Millions of Americans have been signing up for health insurance at their companies in recent weeks. But for some full-time workers, particularly in certain industries like construction, job-based coverage isn’t an option for them.
This divide was even more evident as the job market roared back to life in 2021 after steep losses early in the Covid-19 pandemic.
Though the number of full-time, year-round workers ages 19 to 64 jumped by 10.4 million last year, the uninsured rate of this group also rose – by 0.6 percentage points to 9.1%, according to Census Bureau data.
That’s partly because the occupations that had the largest increases in the share of full-time, year-round workers last year were service and construction, which are less likely to provide job-based health benefits. Only about 62% of service workers and 56% of construction workers have employer-sponsored insurance.
At the same time, the share of employees in professional and management occupations – which have the highest rates of workplace coverage at 89% and 85%, respectively – declined somewhat last year. This also contributed to the drop in coverage among all full-time, year-round workers.
Overall, just over half of Americans have health benefits through their employer or their family member’s job, according to the Census Bureau. Among workers ages 19 to 64, the share is 71%, though it varies by industry.
A larger share of full-time, year-round workers had public coverage, such as Medicaid, in 2021, though that still didn’t fully offset the decline in private coverage, which includes work-based health benefits, the Census Bureau found.

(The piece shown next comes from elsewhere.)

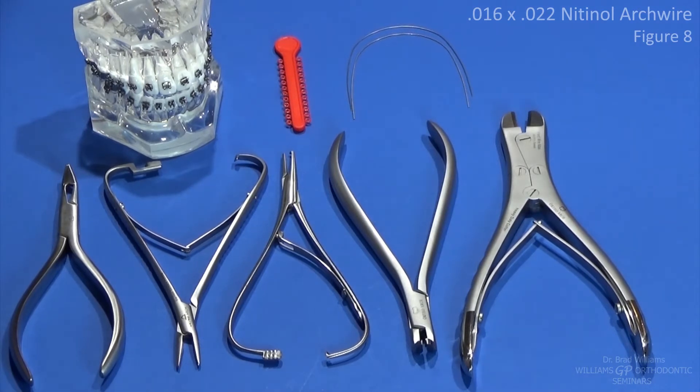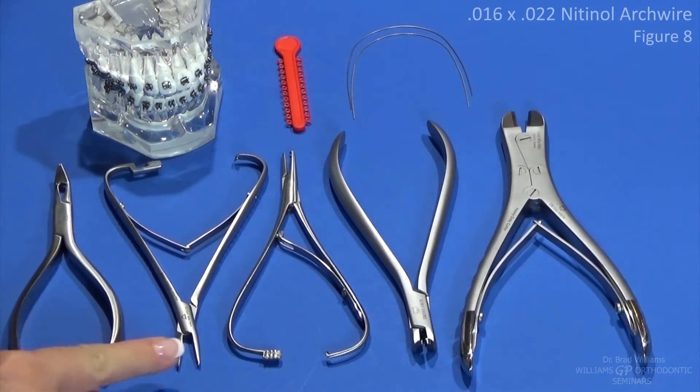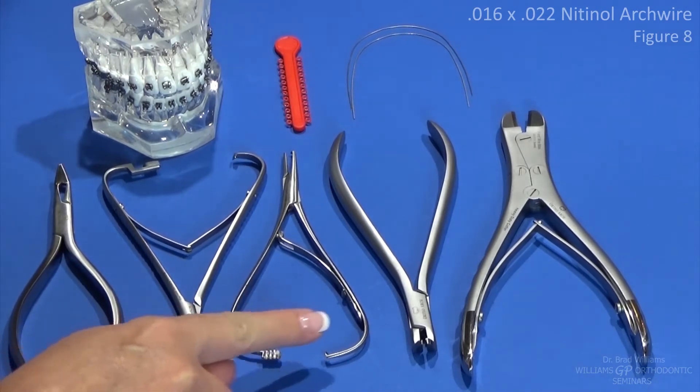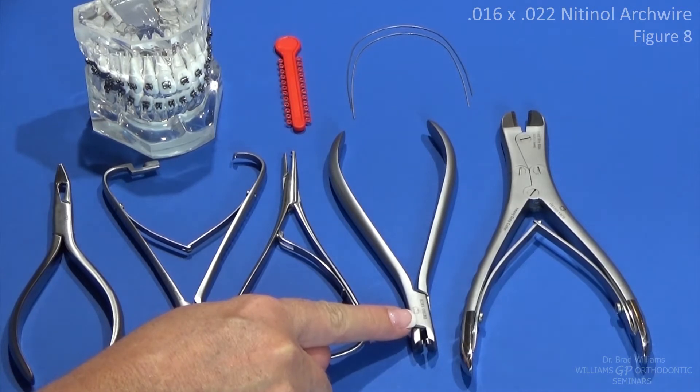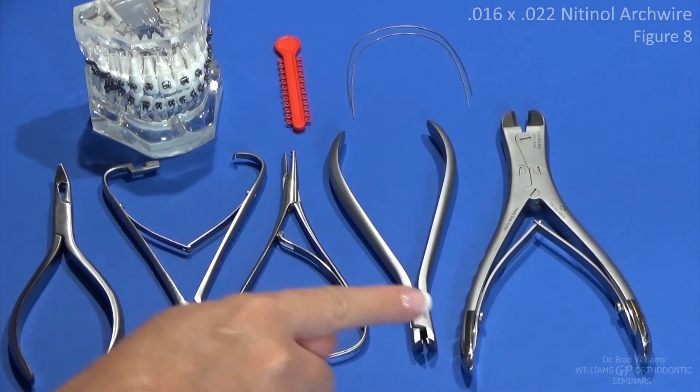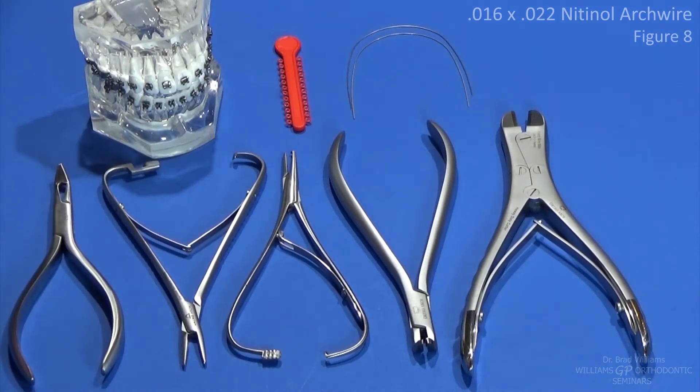Now let's look at the instruments we're going to use in this exercise. We are going to have a Weingart plier, and again we'll have the hook tip and the flat tip Matthau needle holders. We'll have the distal end cutter and the heavy wire cutter. As far as materials, we just need an 016 by 022 upper and lower nitinol arch wires and glide ties.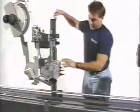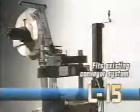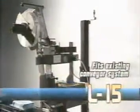Roll the L-15 in place over your conveyor in minutes. It's simple. Reliable performance and quality construction pay dividends in productivity now and for years to come.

More of these workers could participate in Medicaid last year because of a 2020 Congressional pandemic relief package that provides states with additional federal Medicaid funds but bars them from disenrolling beneficiaries, even if their incomes are too high to qualify typically. The number of enrollees has soared to 90 million as of July but is expected to drop by roughly 15 million once the federal government ends the public health emergency.

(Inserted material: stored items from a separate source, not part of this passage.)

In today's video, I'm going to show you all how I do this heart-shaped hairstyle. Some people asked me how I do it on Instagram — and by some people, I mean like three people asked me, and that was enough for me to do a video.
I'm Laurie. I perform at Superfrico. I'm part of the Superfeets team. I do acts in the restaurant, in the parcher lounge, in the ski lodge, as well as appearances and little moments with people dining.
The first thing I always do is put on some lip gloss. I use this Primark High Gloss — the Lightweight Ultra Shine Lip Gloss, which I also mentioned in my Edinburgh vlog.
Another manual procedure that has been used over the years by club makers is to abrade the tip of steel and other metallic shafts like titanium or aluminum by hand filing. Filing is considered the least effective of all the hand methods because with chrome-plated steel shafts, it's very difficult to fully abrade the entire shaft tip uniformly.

The boost in Medicaid enrollment helped reduce the nation’s overall uninsured rate to 8.3% in 2021, among the lowest on record.

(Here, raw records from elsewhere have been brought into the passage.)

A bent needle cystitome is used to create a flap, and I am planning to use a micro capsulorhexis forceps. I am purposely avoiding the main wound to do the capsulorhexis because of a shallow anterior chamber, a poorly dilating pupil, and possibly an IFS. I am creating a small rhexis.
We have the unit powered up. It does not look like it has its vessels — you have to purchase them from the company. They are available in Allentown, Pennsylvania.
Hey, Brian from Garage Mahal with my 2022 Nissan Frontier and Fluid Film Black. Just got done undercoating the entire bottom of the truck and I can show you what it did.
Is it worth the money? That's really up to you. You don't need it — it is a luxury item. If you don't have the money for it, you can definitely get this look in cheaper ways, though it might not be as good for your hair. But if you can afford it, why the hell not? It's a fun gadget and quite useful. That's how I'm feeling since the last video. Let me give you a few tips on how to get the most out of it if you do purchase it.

Although employer-sponsored coverage has generally been considered the gold standard, some of the shine has come off.
“There’s been a quiet crisis in employer-sponsored insurance for quite some time now, particularly for lower-income workers and workers in certain industries,” said Sabrina Corlette, co-director of the Center on Health Insurance Reforms at Georgetown University’s McCourt School of Public Policy.
Fewer employers are offering coverage, and the policies they are providing are less robust, she said. This is particularly true among smaller companies that are not subject to the Affordable Care Act’s mandate that requires larger employers to offer affordable coverage.
Only 32% of private-sector employers with fewer than 50 workers offered health insurance last year, according to federal data. That’s down from a high of 47% in 2000.
Meanwhile, only 69% of eligible full-time workers at smaller companies that offer health benefits enrolled in the coverage last year. That compares with a high of nearly 84% in 1997, according to federal data.
Among larger private-sector employers, the offer rate has been in the mid- to high 90% range since records began in 1996. But only 72% of eligible, full-time workers enrolled last year, compared with a high of 88% in 1998.
For some of these employees, even monthly premiums that are equal to 5% or 6% of their income may still be too expensive for them, Corlette said.
Many of those who have coverage through work still struggle to pay for medical care, a recent Commonwealth Fund survey found. Some 29% of those with job-based health benefits are considered underinsured because their out-of-pocket costs and deductibles are high relative to their income.
The nonprofit considers Americans to be underinsured if their deductibles are 5% or more of household income or if their out-of-pocket costs over the past year were either at least 5% or 10% of household income, depending on the family’s income.
“That’s a big concern – that people are viewing their health plans as not enabling them to get the health care that they need,” said Sara Collins, vice president for health care coverage and access at Commonwealth.